Each entry below must be written out exactly, with pictures left out.

Dataset items:
::::::::
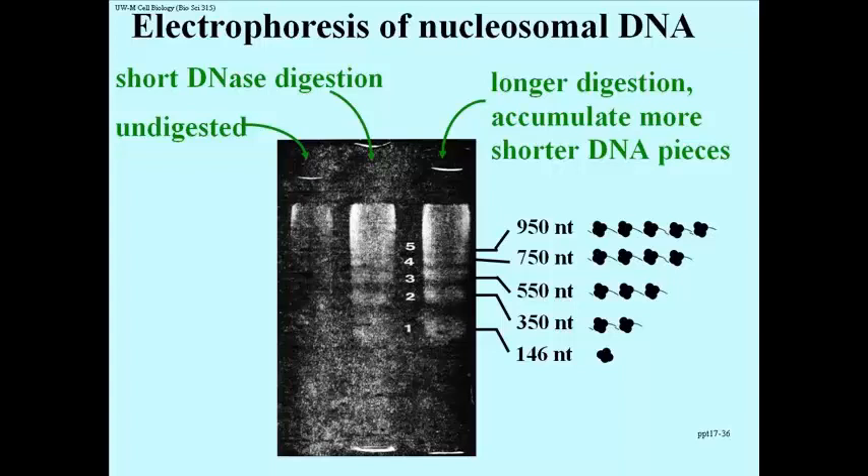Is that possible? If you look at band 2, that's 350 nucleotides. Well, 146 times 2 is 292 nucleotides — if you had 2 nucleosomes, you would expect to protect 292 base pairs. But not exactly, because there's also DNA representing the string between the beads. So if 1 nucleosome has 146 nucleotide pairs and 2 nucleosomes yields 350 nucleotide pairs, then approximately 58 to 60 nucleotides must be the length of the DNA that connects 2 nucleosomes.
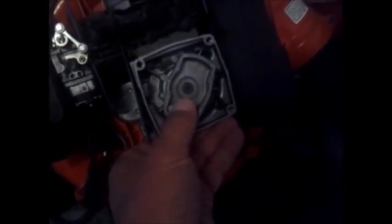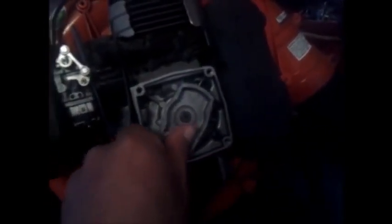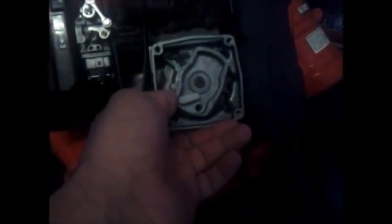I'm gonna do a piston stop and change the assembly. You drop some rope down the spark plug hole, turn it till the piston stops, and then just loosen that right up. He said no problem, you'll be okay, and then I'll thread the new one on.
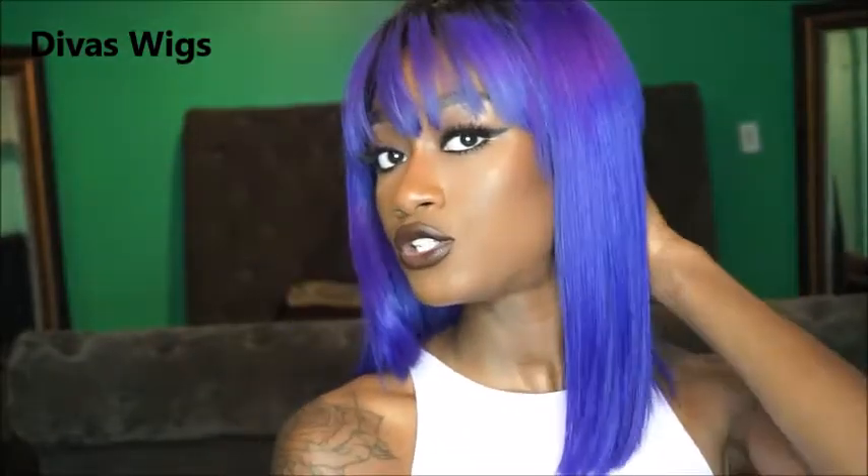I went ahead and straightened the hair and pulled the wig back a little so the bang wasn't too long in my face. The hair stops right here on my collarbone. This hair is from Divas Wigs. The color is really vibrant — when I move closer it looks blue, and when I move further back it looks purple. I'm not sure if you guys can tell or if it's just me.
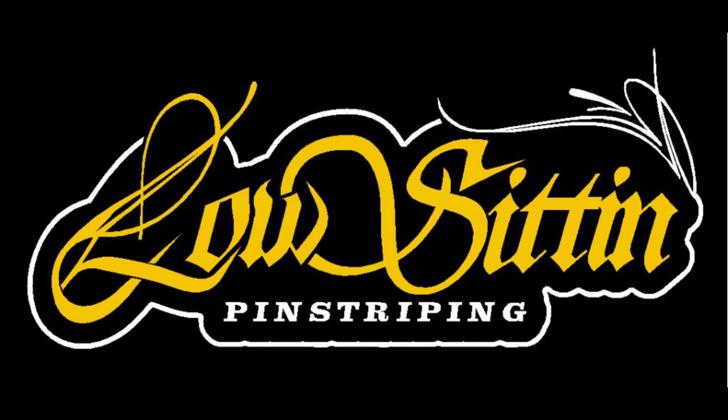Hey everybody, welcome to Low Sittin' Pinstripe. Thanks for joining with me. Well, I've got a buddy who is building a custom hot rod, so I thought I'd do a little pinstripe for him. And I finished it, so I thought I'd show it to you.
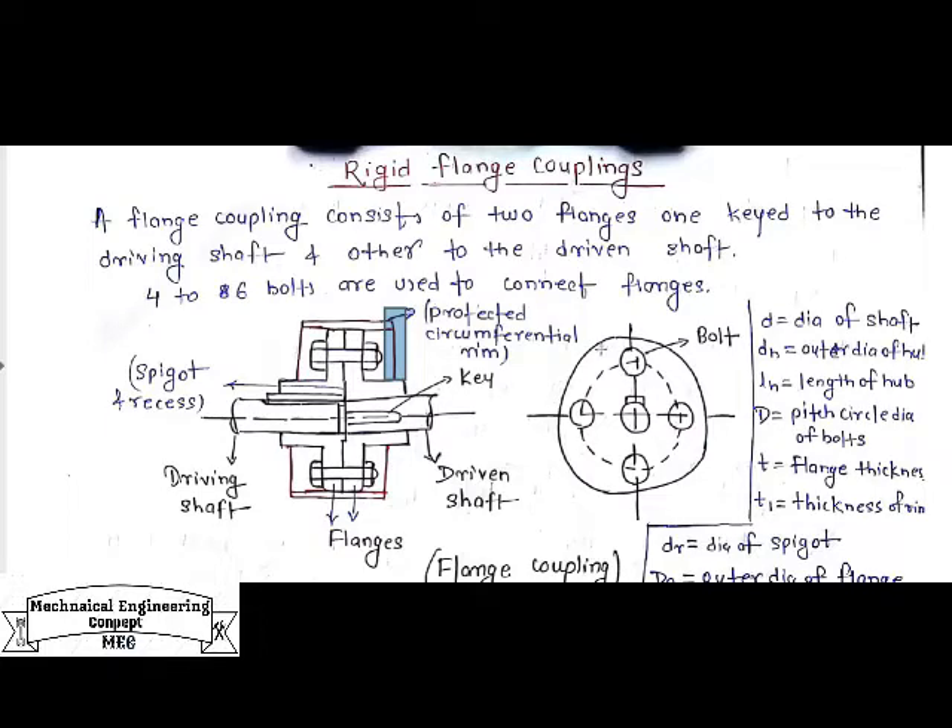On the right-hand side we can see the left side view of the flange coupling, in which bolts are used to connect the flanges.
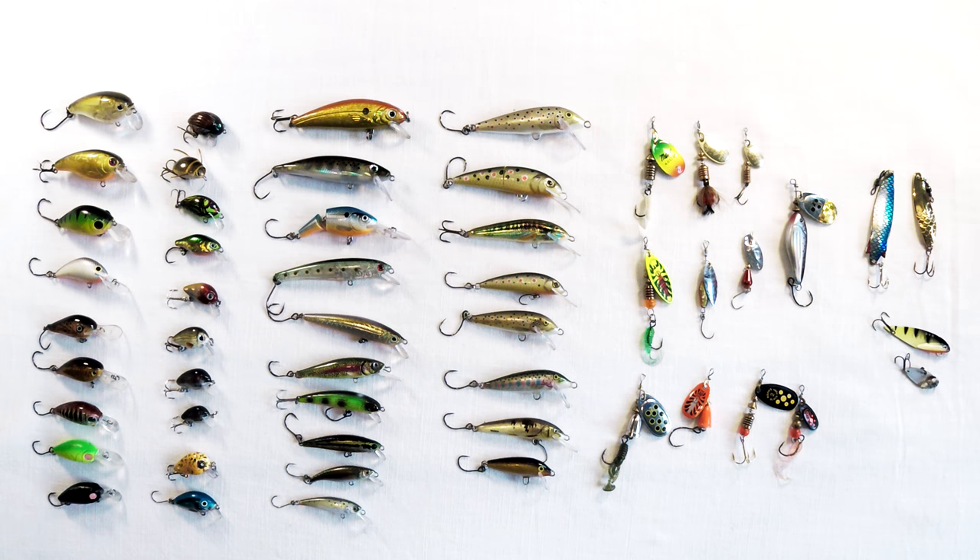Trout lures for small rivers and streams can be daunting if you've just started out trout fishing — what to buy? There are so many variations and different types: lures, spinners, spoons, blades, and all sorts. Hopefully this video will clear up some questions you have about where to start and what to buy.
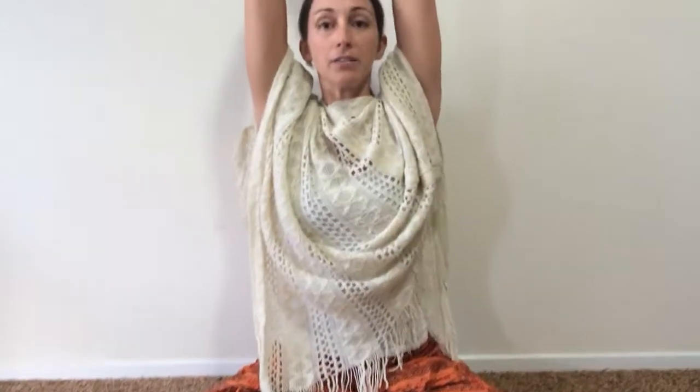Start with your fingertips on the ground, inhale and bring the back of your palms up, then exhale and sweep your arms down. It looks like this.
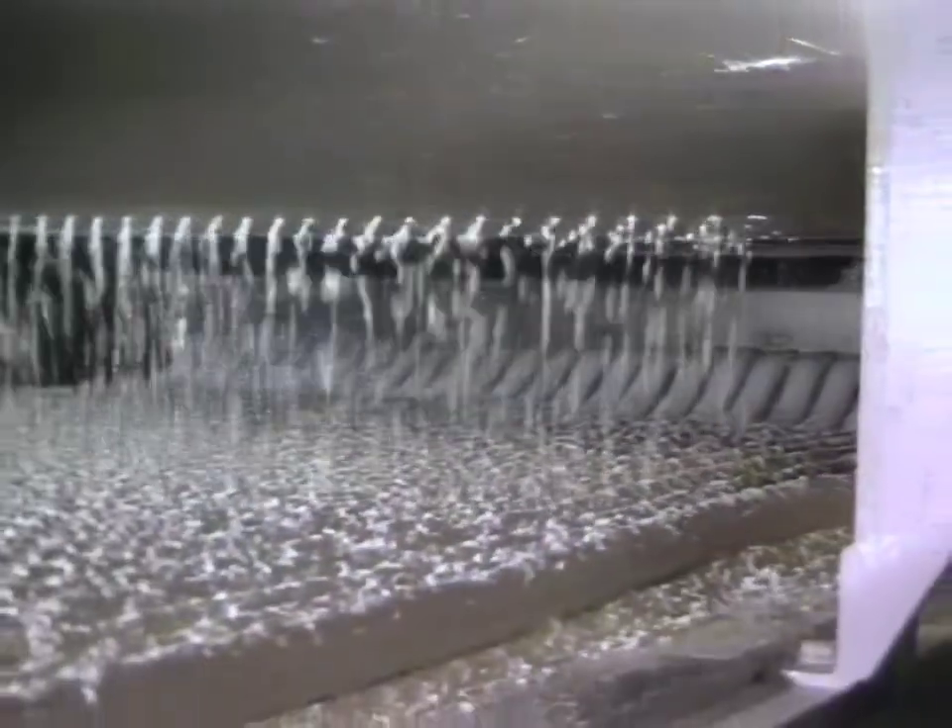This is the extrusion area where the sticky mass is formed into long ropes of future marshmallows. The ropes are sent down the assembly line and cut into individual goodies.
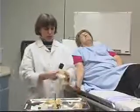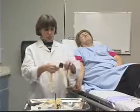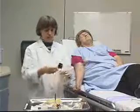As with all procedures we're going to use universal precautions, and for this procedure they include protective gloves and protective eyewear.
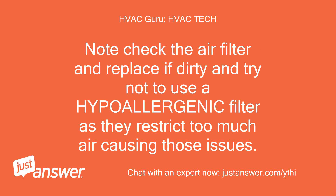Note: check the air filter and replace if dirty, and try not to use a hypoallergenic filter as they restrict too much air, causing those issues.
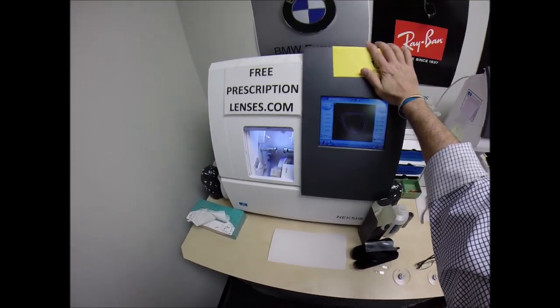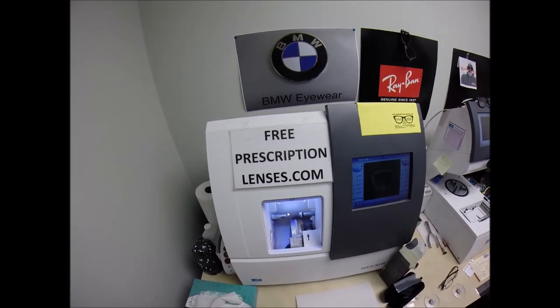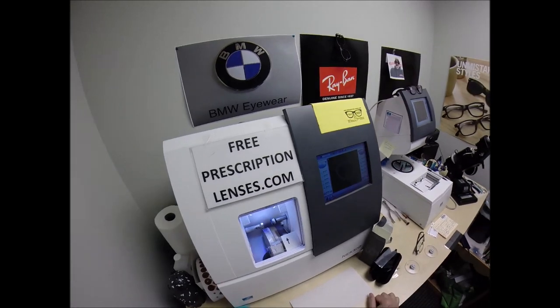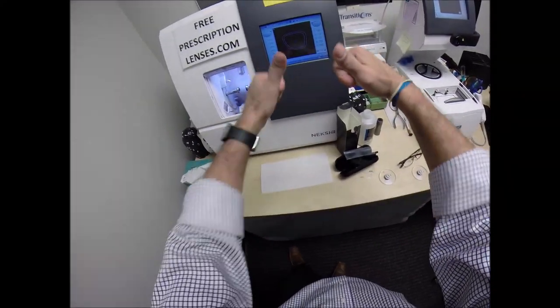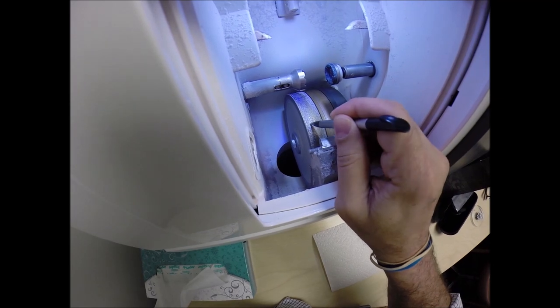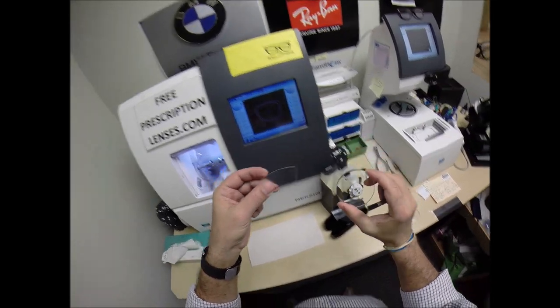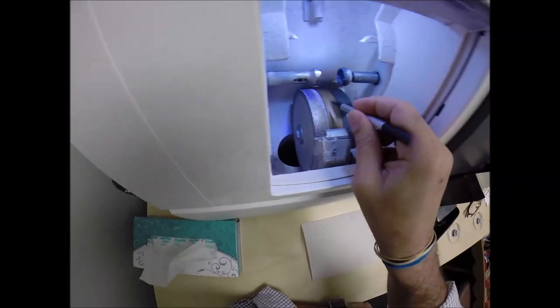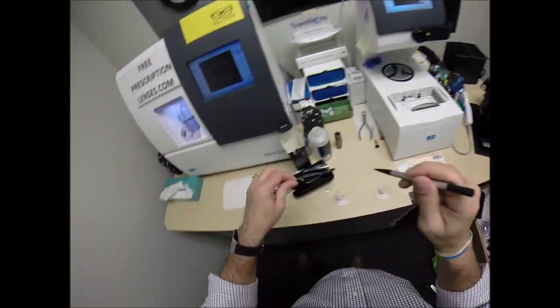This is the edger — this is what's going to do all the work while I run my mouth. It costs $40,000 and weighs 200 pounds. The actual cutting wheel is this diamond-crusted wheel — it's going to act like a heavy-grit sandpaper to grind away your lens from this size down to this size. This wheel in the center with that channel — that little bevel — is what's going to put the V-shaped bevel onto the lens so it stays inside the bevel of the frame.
::::::::
SOLUTION TO THIS EXERCISE:
Is that possible? If you look at band 2, that's 350 nucleotides. Well, 146 times 2 is 292 nucleotides — if you had 2 nucleosomes, you would expect to protect 292 base pairs. But not exactly, because there's also DNA representing the string between the beads. So if 1 nucleosome has 146 nucleotide pairs and 2 nucleosomes yields 350 nucleotide pairs, then approximately 58 to 60 nucleotides must be the length of the DNA that connects 2 nucleosomes.
I'm gonna do a piston stop and change the assembly. You drop some rope down the spark plug hole, turn it till the piston stops, and then just loosen that right up. He said no problem, you'll be okay, and then I'll thread the new one on.
I went ahead and straightened the hair and pulled the wig back a little so the bang wasn't too long in my face. The hair stops right here on my collarbone. This hair is from Divas Wigs. The color is really vibrant — when I move closer it looks blue, and when I move further back it looks purple. I'm not sure if you guys can tell or if it's just me.
Hey everybody, welcome to Low Sittin' Pinstripe. Thanks for joining with me. Well, I've got a buddy who is building a custom hot rod, so I thought I'd do a little pinstripe for him. And I finished it, so I thought I'd show it to you.
On the right-hand side we can see the left side view of the flange coupling, in which bolts are used to connect the flanges.
Trout lures for small rivers and streams can be daunting if you've just started out trout fishing — what to buy? There are so many variations and different types: lures, spinners, spoons, blades, and all sorts. Hopefully this video will clear up some questions you have about where to start and what to buy.
Start with your fingertips on the ground, inhale and bring the back of your palms up, then exhale and sweep your arms down. It looks like this.
This is the extrusion area where the sticky mass is formed into long ropes of future marshmallows. The ropes are sent down the assembly line and cut into individual goodies.
As with all procedures we're going to use universal precautions, and for this procedure they include protective gloves and protective eyewear.
Note: check the air filter and replace if dirty, and try not to use a hypoallergenic filter as they restrict too much air, causing those issues.
This is the edger — this is what's going to do all the work while I run my mouth. It costs $40,000 and weighs 200 pounds. The actual cutting wheel is this diamond-crusted wheel — it's going to act like a heavy-grit sandpaper to grind away your lens from this size down to this size. This wheel in the center with that channel — that little bevel — is what's going to put the V-shaped bevel onto the lens so it stays inside the bevel of the frame.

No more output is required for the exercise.